On the other hand, Iuz is readying himself for a great summer ceremony in which he will appear in the Hierarchs’ throne room and announce himself the new ruler of the Horned Lands. Because of this, the pretense is beginning to slip around Molag, with some of Iuz’s junior priests, who wear neutrally black robes, beginning to boast of it. The inhabitants of Molag are thus getting confused, but in truth, they don’t care all that much whom their evil master and liege may be. They are too depressed and wretched to care.
Molag has always been a poor city. Starvation and lack of work have always been endemic in such a poorly-resourced land. Molag never boasted many sages, mages or great artisans, save for its armorers, blacksmiths and weapon-crafters. The most important locations of the city betray this all too clearly.
Molag’s walls have hobgoblin guards, with some disguised babau among them. The southern hobgoblins still form the main city troops and watches. Dominating the city, of course, is the great Palace of the Hierarchs. In its central, 13-throned chamber, High Priestess Althea walks, mocking the shades of the dead rulers. She presides here around one-third to one-half the time, with Priest Marynnek presiding at other times. The Palace holds another fifteen of Iuz’s middling priests and a guard of 40 orogs and a similar number of fiends. The adjoining western barracks hold the remainder of the fiend and uroz forces here. The gate of Molag is situated in a forbidding, well-guarded tower to the east of the
city.
South of the palace, Nerull’s cathedral holds fewer services than it used to. Even Althea dares not mock the Reaper with a mock service on one of his traditional unholy days. The iron gates leading to it are flanked by 15-foot stone statues of the death god astride a skeletal horse, and they still radiate menace and strike fear even into Iuz’s priests. Ringed by dismal graveyards, the cathedral is a huge, wretchedly despondent and dire place.

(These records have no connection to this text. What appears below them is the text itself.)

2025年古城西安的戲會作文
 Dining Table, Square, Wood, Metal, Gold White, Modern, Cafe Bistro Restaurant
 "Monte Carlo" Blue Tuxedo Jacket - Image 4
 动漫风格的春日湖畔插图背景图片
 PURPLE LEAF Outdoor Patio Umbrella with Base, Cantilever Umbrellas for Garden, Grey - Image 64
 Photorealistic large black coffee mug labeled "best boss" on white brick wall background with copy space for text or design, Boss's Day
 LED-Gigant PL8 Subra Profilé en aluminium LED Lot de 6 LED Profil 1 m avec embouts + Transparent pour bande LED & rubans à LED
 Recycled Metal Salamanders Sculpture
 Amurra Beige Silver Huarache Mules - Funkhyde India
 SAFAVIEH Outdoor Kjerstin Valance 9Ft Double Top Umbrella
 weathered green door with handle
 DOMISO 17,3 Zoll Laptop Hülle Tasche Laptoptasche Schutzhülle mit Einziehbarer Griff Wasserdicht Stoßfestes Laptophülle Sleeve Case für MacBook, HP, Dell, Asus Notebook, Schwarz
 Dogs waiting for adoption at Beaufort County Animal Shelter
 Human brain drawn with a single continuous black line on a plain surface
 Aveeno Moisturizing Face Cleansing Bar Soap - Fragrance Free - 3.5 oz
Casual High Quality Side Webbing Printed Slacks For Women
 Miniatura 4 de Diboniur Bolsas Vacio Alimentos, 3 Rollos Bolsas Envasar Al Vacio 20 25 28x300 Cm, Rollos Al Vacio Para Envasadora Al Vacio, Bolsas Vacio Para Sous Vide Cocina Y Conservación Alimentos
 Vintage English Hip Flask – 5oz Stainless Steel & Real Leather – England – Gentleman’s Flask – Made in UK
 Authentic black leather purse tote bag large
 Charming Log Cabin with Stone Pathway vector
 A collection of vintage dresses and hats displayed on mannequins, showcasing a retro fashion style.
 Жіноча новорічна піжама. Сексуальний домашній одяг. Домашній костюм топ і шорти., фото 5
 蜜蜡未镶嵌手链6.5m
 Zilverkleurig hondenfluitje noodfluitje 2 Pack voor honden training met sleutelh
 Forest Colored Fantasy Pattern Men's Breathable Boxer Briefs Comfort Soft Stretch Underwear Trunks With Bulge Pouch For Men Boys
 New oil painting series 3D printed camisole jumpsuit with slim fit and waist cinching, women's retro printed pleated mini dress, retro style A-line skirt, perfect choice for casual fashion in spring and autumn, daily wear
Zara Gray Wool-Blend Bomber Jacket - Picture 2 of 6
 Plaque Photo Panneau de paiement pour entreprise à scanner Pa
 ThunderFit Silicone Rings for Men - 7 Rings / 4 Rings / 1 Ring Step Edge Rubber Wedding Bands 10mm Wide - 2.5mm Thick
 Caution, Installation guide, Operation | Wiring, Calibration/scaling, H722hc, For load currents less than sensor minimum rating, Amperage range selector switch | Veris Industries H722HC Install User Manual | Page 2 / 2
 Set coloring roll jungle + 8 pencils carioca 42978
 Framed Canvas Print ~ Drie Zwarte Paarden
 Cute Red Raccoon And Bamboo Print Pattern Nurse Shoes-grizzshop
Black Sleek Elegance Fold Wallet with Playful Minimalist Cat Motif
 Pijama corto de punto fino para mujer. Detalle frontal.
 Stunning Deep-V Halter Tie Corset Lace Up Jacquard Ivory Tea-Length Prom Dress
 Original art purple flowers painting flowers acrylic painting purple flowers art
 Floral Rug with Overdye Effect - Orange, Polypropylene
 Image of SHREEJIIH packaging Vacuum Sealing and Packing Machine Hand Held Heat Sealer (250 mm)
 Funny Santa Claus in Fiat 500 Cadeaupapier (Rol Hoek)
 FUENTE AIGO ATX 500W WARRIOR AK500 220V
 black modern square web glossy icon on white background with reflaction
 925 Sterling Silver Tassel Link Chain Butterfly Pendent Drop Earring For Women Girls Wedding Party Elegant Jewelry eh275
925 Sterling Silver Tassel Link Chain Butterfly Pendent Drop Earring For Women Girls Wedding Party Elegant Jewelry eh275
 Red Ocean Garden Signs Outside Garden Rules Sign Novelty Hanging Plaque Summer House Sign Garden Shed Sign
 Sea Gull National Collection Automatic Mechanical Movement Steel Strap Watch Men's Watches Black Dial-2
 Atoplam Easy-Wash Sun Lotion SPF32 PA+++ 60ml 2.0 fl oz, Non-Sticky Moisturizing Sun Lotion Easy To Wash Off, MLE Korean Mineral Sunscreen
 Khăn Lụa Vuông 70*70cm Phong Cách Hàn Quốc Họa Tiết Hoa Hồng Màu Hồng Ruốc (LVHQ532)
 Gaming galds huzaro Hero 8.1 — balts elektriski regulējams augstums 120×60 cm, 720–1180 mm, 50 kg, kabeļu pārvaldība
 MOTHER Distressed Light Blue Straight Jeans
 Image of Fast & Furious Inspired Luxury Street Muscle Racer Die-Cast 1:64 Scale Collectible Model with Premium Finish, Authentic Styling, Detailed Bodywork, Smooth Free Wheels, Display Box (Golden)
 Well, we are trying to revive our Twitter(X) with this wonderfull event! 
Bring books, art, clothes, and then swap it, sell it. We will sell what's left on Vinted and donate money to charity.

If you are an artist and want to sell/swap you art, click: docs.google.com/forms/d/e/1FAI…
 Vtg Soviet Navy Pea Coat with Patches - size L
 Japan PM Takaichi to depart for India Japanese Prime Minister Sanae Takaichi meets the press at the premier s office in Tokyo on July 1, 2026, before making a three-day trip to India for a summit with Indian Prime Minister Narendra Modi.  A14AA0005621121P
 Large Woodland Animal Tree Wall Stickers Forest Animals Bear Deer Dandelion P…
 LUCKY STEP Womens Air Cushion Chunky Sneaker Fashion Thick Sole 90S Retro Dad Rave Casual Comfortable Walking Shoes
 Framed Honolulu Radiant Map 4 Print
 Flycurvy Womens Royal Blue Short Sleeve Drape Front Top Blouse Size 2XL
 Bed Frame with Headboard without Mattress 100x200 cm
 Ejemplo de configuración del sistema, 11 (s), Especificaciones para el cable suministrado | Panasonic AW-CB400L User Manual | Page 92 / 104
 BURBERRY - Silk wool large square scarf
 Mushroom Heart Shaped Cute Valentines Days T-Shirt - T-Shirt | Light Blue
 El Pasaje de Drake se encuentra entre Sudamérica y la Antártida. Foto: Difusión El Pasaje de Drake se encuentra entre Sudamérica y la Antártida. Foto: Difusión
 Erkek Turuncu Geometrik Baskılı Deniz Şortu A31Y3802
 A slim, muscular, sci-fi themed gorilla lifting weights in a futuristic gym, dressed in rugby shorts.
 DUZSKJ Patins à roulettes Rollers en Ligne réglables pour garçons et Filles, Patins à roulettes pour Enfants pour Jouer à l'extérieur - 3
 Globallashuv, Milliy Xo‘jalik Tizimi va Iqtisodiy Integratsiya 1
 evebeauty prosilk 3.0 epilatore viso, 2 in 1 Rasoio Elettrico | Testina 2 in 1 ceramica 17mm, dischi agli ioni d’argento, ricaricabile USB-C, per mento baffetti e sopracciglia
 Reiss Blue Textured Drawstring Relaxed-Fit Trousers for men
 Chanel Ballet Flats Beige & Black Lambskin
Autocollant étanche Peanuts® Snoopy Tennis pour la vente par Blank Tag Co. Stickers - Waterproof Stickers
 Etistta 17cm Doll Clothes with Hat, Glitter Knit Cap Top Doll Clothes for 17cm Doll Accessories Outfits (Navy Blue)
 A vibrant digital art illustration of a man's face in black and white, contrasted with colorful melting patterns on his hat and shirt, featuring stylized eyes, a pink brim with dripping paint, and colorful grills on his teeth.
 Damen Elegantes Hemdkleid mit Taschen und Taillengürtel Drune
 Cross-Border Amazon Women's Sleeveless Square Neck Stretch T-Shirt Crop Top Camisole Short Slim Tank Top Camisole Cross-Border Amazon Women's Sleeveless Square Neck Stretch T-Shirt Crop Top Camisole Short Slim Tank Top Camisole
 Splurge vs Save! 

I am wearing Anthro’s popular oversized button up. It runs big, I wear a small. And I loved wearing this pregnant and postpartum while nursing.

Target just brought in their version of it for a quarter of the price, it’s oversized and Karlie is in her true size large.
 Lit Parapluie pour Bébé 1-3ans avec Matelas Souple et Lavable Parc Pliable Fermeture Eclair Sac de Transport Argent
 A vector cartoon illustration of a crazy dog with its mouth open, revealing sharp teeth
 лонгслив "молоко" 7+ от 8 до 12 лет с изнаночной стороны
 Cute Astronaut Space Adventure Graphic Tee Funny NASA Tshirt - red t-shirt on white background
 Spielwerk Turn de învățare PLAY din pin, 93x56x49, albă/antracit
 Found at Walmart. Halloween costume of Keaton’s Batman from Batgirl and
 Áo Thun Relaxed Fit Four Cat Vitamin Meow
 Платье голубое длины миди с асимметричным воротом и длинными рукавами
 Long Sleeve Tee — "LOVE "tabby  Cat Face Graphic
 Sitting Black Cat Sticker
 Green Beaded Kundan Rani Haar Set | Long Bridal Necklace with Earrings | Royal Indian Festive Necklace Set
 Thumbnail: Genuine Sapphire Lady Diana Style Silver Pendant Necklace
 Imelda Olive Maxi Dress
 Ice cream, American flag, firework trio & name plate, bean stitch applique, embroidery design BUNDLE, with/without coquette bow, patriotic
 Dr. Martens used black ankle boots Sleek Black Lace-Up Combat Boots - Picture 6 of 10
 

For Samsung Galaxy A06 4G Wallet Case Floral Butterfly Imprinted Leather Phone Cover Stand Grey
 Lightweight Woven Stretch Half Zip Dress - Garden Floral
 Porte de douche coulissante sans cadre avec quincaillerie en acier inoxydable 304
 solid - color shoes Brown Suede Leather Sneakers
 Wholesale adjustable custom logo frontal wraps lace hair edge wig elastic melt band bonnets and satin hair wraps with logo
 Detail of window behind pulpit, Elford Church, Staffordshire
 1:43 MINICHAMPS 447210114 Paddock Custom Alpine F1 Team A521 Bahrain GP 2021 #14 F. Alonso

East of the palace lie the barracks of the Men of Steelreach, the elite human warriors who served the Hierarchs as messengers, strike force, bodyguards and enforcers of the law in distant lands. There are some 80 men here, mostly now charmed by fiends and mages, obeying the orders of Marynnek, often given via the fiends who have charmed the fighters. Their home lies next to the frightful Gardens of Necrosis, a jigsaw-like tableaux of frozen corpses, dead-hearted and stunted trees, iron and stone statues of figures in agonies of pain or the throes of death, all ringed by jagged stalagmite-like projections which radiate a malign chill.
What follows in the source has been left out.